ON TV, when kids fall down, knock heads, or have other mishaps, is it okay to laugh? ``It's bad training for real life,'' says Peggy Charren, president of Action for Children's Television.
She's referring specifically to the ABC series ``America's Funniest Home Vidoes,'' where minor kiddy violence is presumably not a performance but really happens (see adjoining article). The weekly program is a huge ratings success but has come under increasing fire - in the media and from viewers - for appearing to wink at children's bumps and pokes in pursuit of comedy. Many feel the continuous sight of such mini-mayhem - accompanied by peals of laughter from the studio audience - is desensitizing viewers at just the time people are finally waking up to the prevalence of child abuse.

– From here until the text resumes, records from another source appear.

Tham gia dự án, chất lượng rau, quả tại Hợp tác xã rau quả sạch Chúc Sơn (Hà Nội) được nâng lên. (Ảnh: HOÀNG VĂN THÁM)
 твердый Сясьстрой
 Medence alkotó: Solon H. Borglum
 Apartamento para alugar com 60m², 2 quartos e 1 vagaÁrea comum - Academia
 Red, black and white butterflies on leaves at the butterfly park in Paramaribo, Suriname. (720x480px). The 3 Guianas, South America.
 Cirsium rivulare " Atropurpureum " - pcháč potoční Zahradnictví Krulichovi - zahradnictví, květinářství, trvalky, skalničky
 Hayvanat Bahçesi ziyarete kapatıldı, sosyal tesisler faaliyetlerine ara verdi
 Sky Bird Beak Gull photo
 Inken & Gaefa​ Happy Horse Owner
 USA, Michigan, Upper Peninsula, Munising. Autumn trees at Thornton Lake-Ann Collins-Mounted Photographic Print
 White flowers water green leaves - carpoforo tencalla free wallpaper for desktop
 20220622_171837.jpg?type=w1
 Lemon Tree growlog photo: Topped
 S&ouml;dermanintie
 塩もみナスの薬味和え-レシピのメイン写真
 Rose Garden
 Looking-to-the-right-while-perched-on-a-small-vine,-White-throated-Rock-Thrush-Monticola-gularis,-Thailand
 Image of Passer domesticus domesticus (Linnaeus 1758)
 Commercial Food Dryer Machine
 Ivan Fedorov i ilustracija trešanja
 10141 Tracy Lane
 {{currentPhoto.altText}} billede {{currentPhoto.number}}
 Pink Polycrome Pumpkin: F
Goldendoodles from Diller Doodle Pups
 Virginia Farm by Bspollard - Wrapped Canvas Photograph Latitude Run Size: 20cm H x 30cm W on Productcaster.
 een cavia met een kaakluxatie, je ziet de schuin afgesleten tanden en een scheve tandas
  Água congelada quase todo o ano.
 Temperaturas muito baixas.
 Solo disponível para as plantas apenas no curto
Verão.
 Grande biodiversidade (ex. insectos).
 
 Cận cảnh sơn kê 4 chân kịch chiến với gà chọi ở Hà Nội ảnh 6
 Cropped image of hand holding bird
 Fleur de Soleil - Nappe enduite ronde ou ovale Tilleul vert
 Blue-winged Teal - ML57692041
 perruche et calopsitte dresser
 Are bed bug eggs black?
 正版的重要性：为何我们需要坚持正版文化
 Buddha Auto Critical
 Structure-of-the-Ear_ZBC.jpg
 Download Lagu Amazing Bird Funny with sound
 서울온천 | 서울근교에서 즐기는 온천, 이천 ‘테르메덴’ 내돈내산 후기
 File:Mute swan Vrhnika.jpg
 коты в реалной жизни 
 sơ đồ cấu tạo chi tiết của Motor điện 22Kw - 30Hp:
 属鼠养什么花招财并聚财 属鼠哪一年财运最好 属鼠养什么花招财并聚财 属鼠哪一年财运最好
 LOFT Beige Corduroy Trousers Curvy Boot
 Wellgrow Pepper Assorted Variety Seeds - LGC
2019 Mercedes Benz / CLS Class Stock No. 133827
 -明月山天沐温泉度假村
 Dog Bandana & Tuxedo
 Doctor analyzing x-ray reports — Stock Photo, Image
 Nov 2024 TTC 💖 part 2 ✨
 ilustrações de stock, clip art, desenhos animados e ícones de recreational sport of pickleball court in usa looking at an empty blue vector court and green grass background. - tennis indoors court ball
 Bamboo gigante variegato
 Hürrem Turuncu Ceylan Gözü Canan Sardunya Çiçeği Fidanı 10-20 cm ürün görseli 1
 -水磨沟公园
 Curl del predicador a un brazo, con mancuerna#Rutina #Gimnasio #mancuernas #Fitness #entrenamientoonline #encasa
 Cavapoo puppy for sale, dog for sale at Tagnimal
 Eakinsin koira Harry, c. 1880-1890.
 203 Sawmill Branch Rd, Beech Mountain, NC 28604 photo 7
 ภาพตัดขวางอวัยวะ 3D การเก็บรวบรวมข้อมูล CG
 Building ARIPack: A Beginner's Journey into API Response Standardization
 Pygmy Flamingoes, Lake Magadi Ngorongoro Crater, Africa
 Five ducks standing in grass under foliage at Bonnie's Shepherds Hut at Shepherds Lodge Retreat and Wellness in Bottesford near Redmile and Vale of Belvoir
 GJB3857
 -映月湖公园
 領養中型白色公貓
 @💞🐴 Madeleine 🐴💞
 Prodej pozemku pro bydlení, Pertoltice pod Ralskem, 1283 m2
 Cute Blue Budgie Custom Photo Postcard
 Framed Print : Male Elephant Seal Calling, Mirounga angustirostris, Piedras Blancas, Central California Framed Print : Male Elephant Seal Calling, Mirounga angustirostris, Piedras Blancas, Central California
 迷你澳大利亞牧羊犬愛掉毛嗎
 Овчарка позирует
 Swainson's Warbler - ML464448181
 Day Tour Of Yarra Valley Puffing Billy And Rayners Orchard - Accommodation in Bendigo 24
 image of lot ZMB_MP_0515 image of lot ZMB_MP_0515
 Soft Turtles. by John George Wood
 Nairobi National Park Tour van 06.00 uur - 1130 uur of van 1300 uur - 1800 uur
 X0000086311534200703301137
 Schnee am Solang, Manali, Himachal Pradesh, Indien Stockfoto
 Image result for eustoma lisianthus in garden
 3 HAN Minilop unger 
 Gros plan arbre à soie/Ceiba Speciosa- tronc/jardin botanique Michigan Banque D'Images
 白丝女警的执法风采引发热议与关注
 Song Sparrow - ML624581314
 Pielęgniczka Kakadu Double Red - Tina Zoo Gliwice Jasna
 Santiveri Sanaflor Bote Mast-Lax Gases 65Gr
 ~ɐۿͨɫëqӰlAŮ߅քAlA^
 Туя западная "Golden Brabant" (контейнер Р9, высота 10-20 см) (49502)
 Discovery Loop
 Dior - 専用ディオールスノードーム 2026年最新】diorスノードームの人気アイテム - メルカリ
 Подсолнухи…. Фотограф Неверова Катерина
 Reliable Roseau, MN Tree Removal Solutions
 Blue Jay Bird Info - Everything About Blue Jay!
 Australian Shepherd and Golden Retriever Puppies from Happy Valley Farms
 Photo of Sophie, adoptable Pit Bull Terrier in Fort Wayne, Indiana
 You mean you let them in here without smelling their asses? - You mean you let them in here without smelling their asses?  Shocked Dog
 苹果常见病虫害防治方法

``To a degree, this kind of programming trains us to laugh at our children instead of sympathizing with them,'' says Ms. Charren, reached by phone. ``When the things shown on this program happen to your own kids, instead of laughing, you'd better comfort them.
``If you laugh, you will create a hostile situation. We have to stop ourselves in real life from laughing at our children when they do things that look funny to us. There's nothing more disturbing to them in such situations. Yet that's what this kind of program encourages us to do.''
The series does have several good things going for it. It offers one of the few ways a viewer can make a personal connection with a ubiquitous medium that usually seems controlled by anonymous forces. And the home videos, at their best, celebrate the joy of family life.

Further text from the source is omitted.